(458d) Evaluation of Solid Adsorbents As Buffer Materials for Indoor Air CO2 Control

Rezaei, F., Missouri University of Science and Technology
Rajan, P. E., Missouri University of Science & Technology
Krishnamurthy, A., Missouri University of Science and Technology
Morrison, G., Missouri University of Science & Technol
In this study, we evaluated solid sorbents for their ability to passively control indoor CO2 concentration in buildings or rooms with cyclic occupancy (e.g. offices, bedrooms). Silica supported amines were identified as suitable candidates and systematically evaluated in the removal of CO2 from indoor air by equilibrium and dynamic techniques. In particular, sorbents with various amine loadings were synthesized using tetraethylenepentamine (TEPA), poly(ethyleneimine) (PEI), and a silane coupling agent 3-aminopropyltriethoxysilane (APS).

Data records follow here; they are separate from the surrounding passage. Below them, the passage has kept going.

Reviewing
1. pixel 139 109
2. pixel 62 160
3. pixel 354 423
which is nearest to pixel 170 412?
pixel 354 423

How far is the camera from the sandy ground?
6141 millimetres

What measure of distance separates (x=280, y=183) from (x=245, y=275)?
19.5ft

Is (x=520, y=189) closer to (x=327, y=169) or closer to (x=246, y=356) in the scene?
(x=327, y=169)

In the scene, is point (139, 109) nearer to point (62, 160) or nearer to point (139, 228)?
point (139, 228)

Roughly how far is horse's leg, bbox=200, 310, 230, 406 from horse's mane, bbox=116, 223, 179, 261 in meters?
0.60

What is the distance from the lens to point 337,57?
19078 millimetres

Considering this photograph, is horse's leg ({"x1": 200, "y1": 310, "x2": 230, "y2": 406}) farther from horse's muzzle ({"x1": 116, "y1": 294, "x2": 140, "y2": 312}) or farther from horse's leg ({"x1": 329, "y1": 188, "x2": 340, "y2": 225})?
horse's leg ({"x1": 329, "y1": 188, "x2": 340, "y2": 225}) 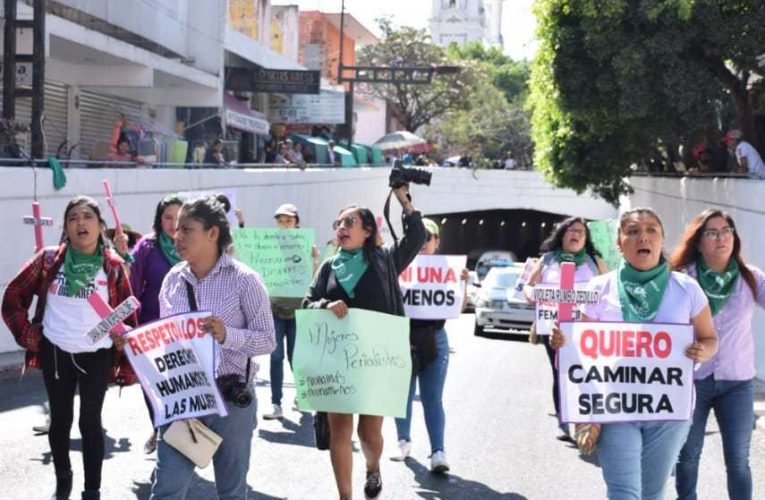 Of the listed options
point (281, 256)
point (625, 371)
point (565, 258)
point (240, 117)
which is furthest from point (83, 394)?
point (240, 117)

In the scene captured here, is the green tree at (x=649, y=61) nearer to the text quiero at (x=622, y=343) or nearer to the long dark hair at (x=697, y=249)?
the long dark hair at (x=697, y=249)

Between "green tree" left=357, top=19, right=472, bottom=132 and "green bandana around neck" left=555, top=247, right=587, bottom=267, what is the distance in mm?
67708

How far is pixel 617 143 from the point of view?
2644 cm

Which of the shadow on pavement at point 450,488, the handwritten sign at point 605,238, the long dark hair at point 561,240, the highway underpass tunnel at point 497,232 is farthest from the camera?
the highway underpass tunnel at point 497,232

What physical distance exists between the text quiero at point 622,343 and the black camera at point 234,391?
1.53 meters

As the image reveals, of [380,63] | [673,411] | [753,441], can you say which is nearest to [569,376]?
[673,411]

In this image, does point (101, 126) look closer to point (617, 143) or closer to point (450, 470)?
point (617, 143)

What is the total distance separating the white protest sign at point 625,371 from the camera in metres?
Answer: 5.96

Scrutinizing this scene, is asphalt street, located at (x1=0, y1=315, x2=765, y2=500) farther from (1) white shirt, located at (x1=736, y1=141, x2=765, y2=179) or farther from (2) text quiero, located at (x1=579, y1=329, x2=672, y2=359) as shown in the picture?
(1) white shirt, located at (x1=736, y1=141, x2=765, y2=179)

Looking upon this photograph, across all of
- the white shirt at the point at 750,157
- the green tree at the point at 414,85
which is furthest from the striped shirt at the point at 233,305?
the green tree at the point at 414,85

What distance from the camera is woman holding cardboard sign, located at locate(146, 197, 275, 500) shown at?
223 inches

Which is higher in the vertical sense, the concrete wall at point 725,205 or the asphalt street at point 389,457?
the concrete wall at point 725,205

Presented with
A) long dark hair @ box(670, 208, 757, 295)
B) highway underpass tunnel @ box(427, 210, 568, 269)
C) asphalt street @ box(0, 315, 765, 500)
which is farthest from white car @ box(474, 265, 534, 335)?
highway underpass tunnel @ box(427, 210, 568, 269)

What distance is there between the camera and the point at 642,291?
19.8 ft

TGA analysis indicates that TEPA impregnated silica not only displays a relatively high adsorption capacity when exposed to ppm level CO2 concentrations, but also is capable of desorbing the majority of CO2 by air flow (e.g. by concentration gradient). In 10 L flow-through chamber experiments, TEPA based sorbents reduced outlet CO2 by up to 5% at 50% RH and up to 93% of CO2 adsorbed over 8 h was desorbed within 16 h. In 8 m3 flow-through chamber experiments, 18 g of the sorbent powder spread over a 2 m2 area removed approximately 8% of CO2 injected. By extrapolating these results to real buildings, we estimate that meaningful reductions in the CO2 can be achieved, which may help reduce energy requirements for ventilation and/or improve air quality.